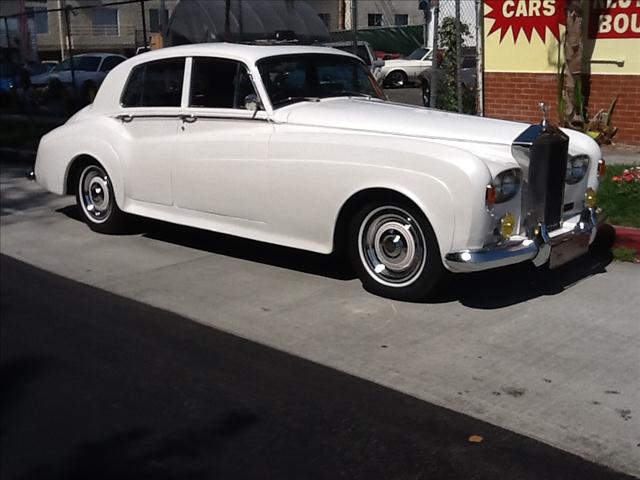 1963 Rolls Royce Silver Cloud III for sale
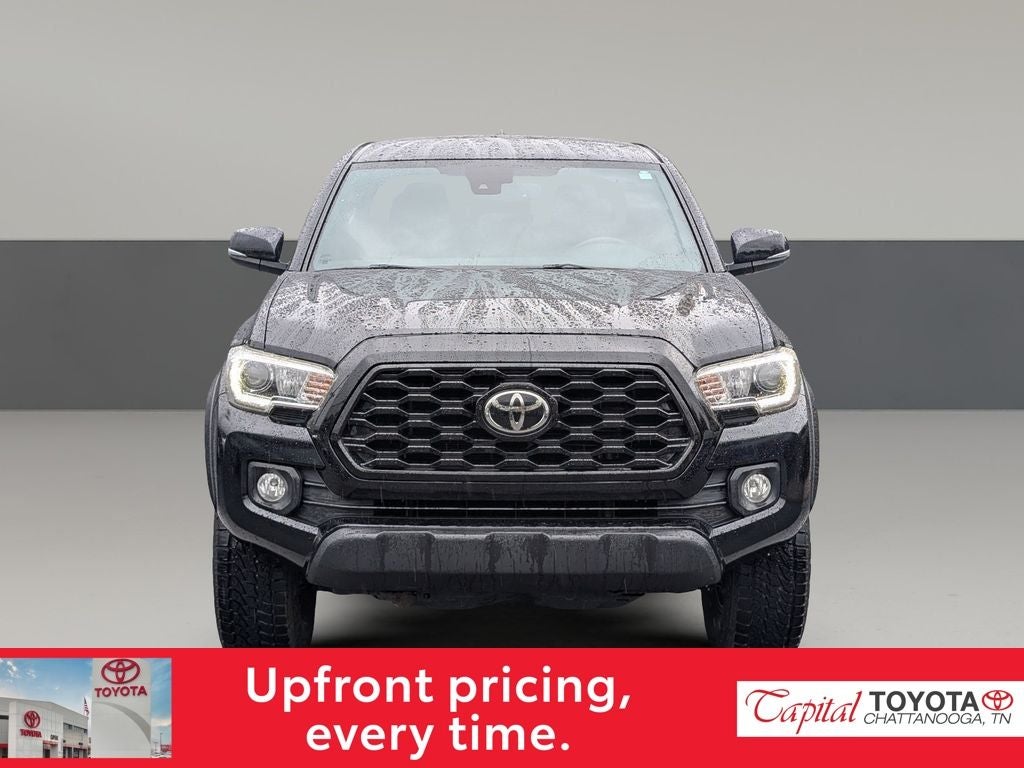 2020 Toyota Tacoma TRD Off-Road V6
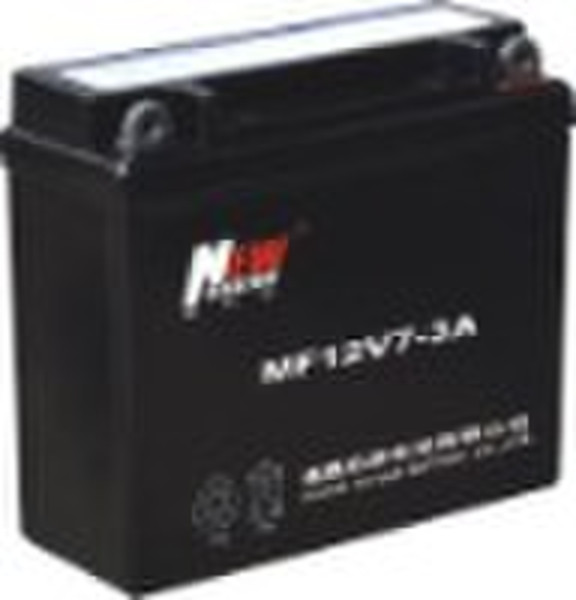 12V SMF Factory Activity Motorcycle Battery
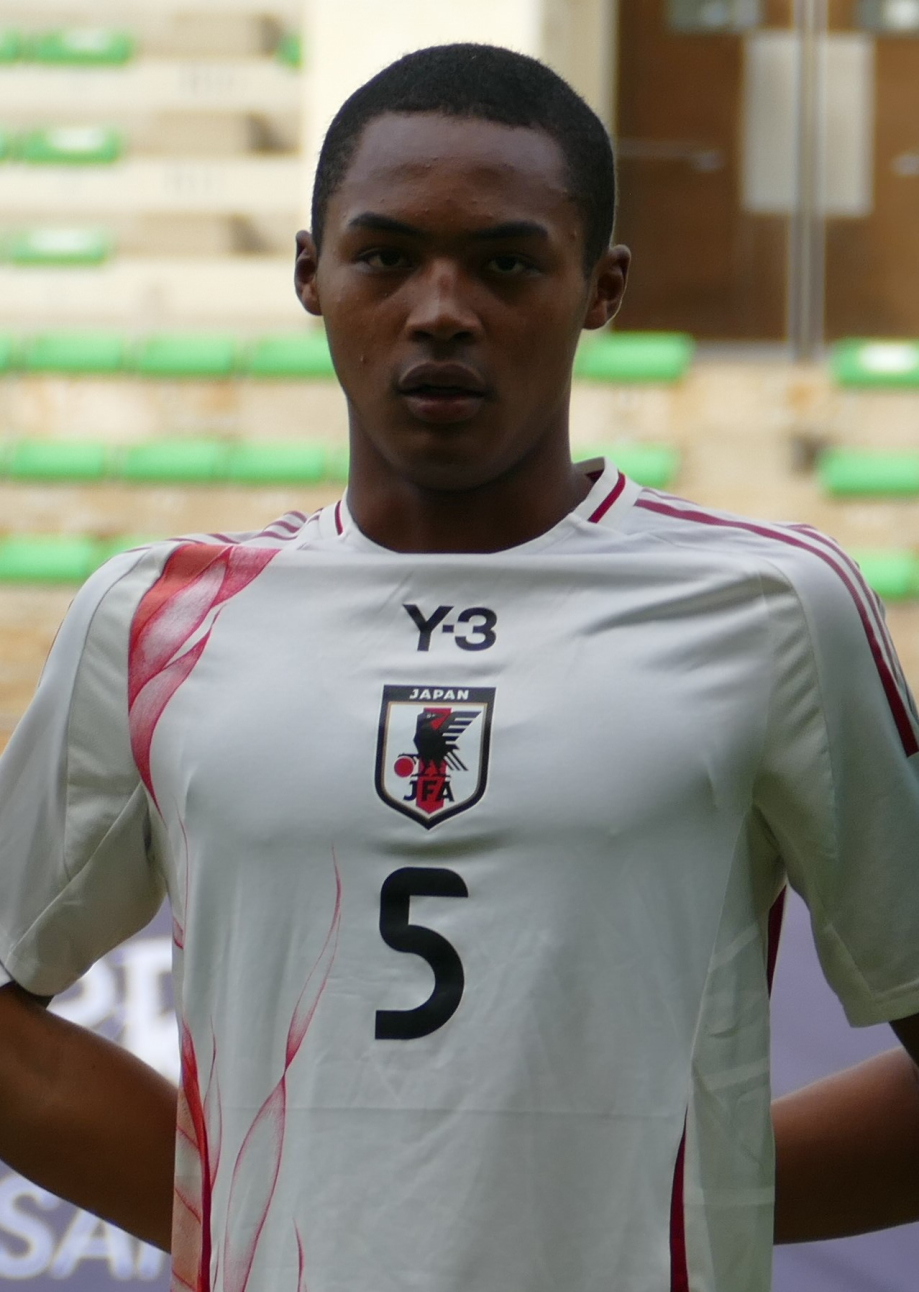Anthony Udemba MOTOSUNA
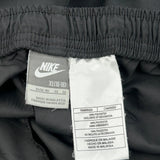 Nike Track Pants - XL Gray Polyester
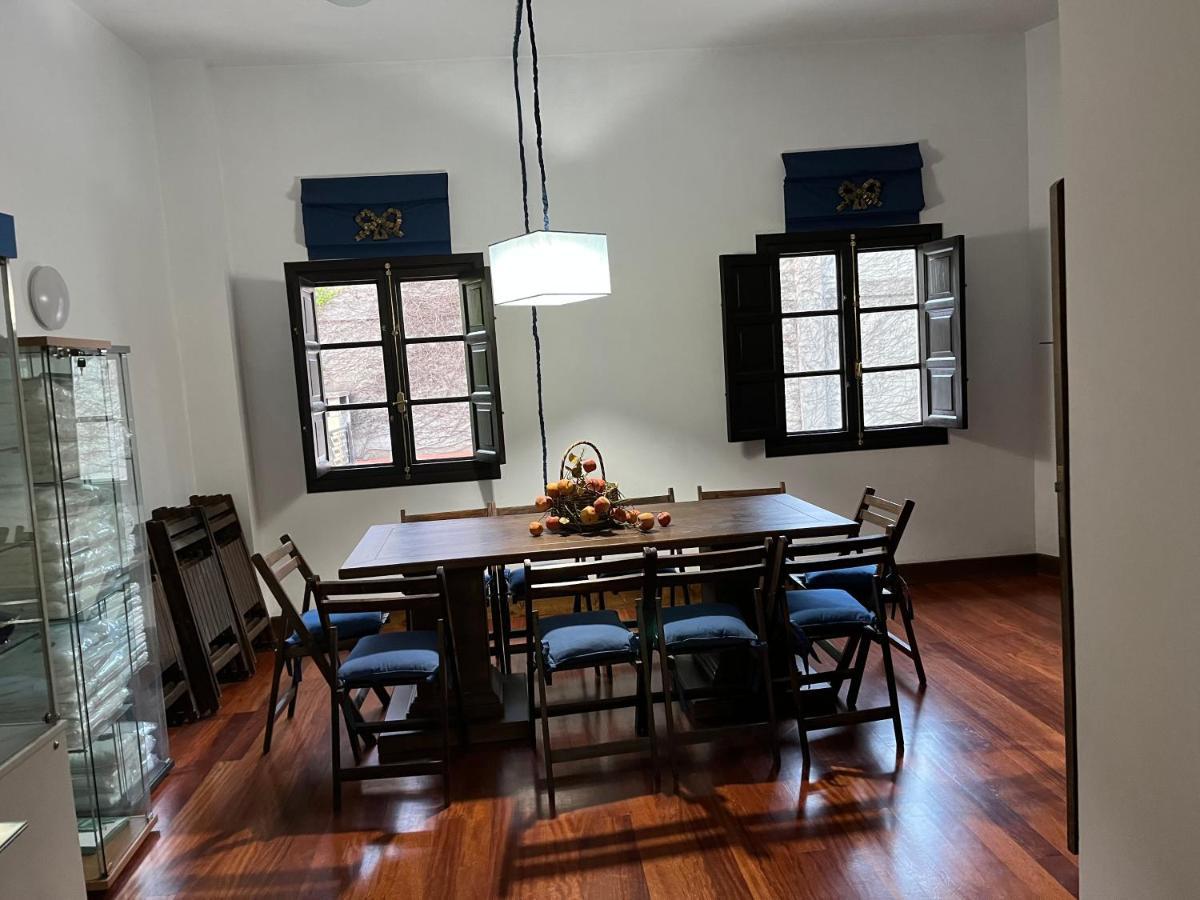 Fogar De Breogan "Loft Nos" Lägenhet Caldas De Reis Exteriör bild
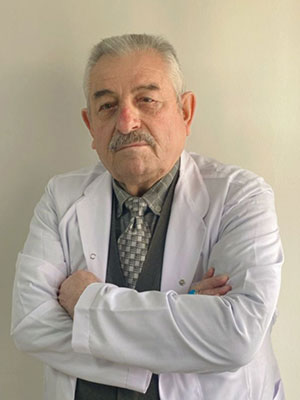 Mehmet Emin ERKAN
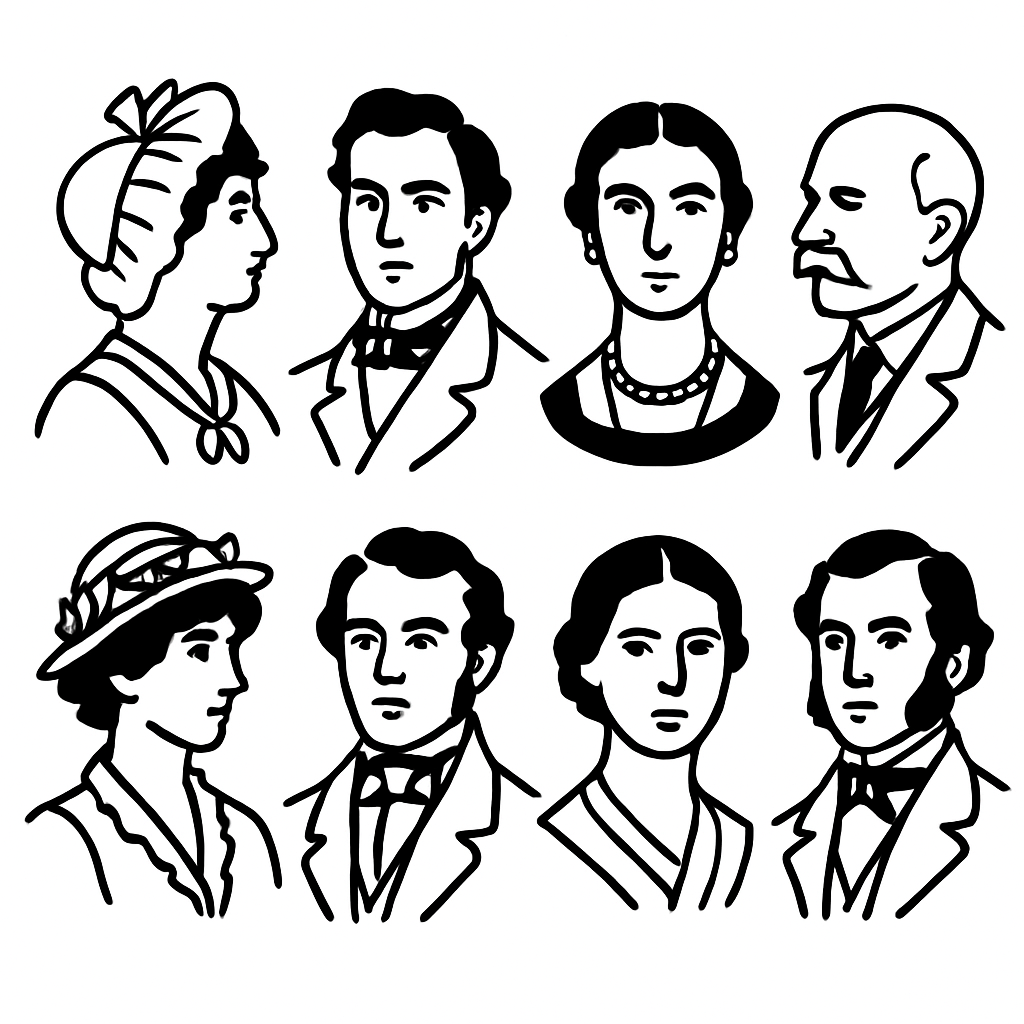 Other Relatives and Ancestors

========

Activity
Pictures are to be omitted. Output verbatim only the lines from the one holding "12V SMF Factory Activity Motorcycle Battery" through the end of the material, both included.

Solution to this problem
 12V SMF Factory Activity Motorcycle Battery
Anthony Udemba MOTOSUNA
 Nike Track Pants - XL Gray Polyester
 Fogar De Breogan "Loft Nos" Lägenhet Caldas De Reis Exteriör bild
 Mehmet Emin ERKAN
 Other Relatives and Ancestors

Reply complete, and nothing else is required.